The Oregonian, May 1, 2008, Merkley's past far from 'establishment'
Not many Senate candidates have done this:
In his mid-20s, Jeff Merkley hopped a bus with a friend in Los Angeles and headed south for what would become a hairy, life-changing journey through revolution-torn Central America.
The 1980 trip, which included a tense ride with a group of armed Nicaraguan soldiers, reached its climax in Guatemala City.
"I stumbled across a person who had just been assassinated," Merkley recalls. "I mean, literally, I was the first person after the man was shot down on the street. . . . I rushed up because I thought he had been hit by a car. His whole torso had been blown away."
The Oregonian, May 1, 2008, Merkley's past far from 'establishment'
Jeff has worked in the Pentagon and for Congres as a national security analyst, and he led Habitat for Humanity in Portland for several years. Most recently, he's been Speaker of the Oregon State House.
Jeff worked hard, earned scholarships and became the first in his family to go to college. He went on to serve as a national security analyst, first for the Pentagon and then for Congress.
After returning to Oregon with his wife Mary, Jeff led Habitat for Humanity and worked with low-income families to rebuild neighborhoods and purchase their first home.
snip
As the first Democratic speaker in sixteen years, Merkley brought Democrats, Republicans and citizens together to make real progress addressing Oregon’s challenges.
The Oregonian called Jeff’s session as Speaker, "Oregon's most productive in a generation."
Jeff Merkley: Democrat for Oregon
Jeff talking to locals in Ashland Oregon:
Merkley Progressive Roundup: Let's elect a BETTER Democrat for Oregon.
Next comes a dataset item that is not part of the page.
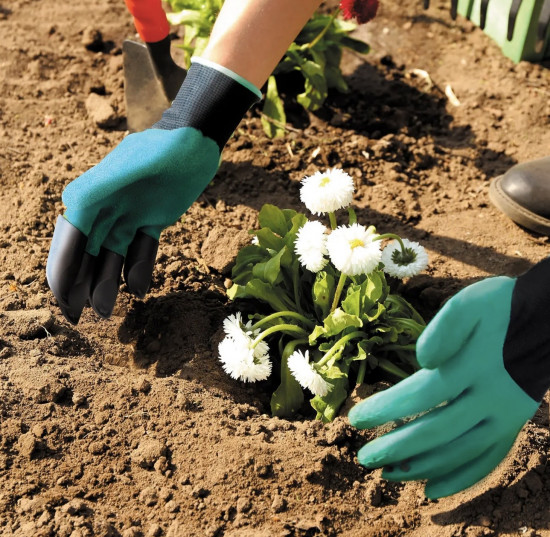 Садовые перчатки с когтями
Like Barack Obama, Jeff opposed the invasion of Iraq:
Opposed the War from the Start
Jeff Merkley opposed George Bush's Iraq policy from the beginning. He called for bold diplomatic efforts before pursuing military strategy. Two days after the war began in 2003, Jeff Merkley gave a speech in the Oregon House critical of Bush’s strategy:
"Colleagues, I have not been and am not today persuaded that Iraq was a significant threat to the United States or that the war we fight today is the best strategy to fight terrorism or the wisest application of our superpower resources."
Ending the Iraq War
Supports fair trade and opposes NAFTA style trade agreements:
NAFTA-based Free Trade Agreements
Jeff opposes the Peru Free Trade Agreement, and other trade agreements that use NAFTA as a model.
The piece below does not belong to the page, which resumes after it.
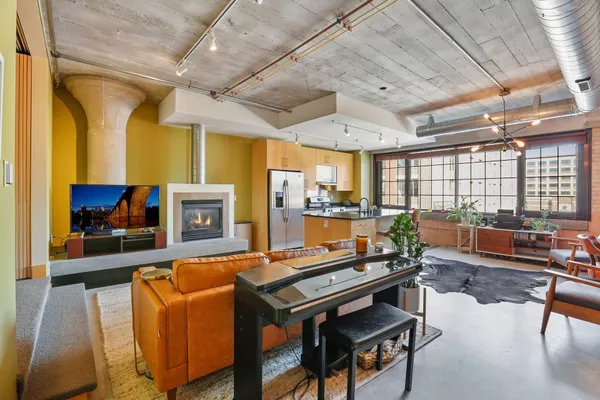 $2,595 | 525 North 3rd Street, Unit 303, Minneapolis, MN 55401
Imagine for a moment just what would happen if any state in this country suddenly threw out all labor standards – the minimum wage, the right to organize workers, the 40-hour work week. And imagine what would happen if the EPA allowed them to ignore all environmental laws – if they could dump waste anywhere they wanted, if they could pollute the air with greenhouse gasses at unchecked levels. Every factory owner in the country would move their operations there, leaving workers in the rest of the states without a good paying job and without a way to provide for their families. In our global economy, moving jobs off shore is just as easy as moving them to another state. We can’t let that happen.
Reforming Our Trade Agreements
And a strong suporter of unions and the EFCA:
Employee Free Choice
The Employee Free Choice Act would give workers a real choice on a level playing field when deciding whether to form a union. And it will ensure that unions can compete by imposing tougher penalties on those who break our existing labor laws. Jeff worked to do it for public employees at the state level this year in the Oregon legislature, and helped pass a resolution urging Congress to take up the issue. But starting in January 2009, Jeff will work personally to pass it in the U.S. Senate.
Creating Quality Jobs
Obama did an ad for Merkley in the last weeks of the race:
A Better Democrat is going to replace Gordon Smith in the Senate!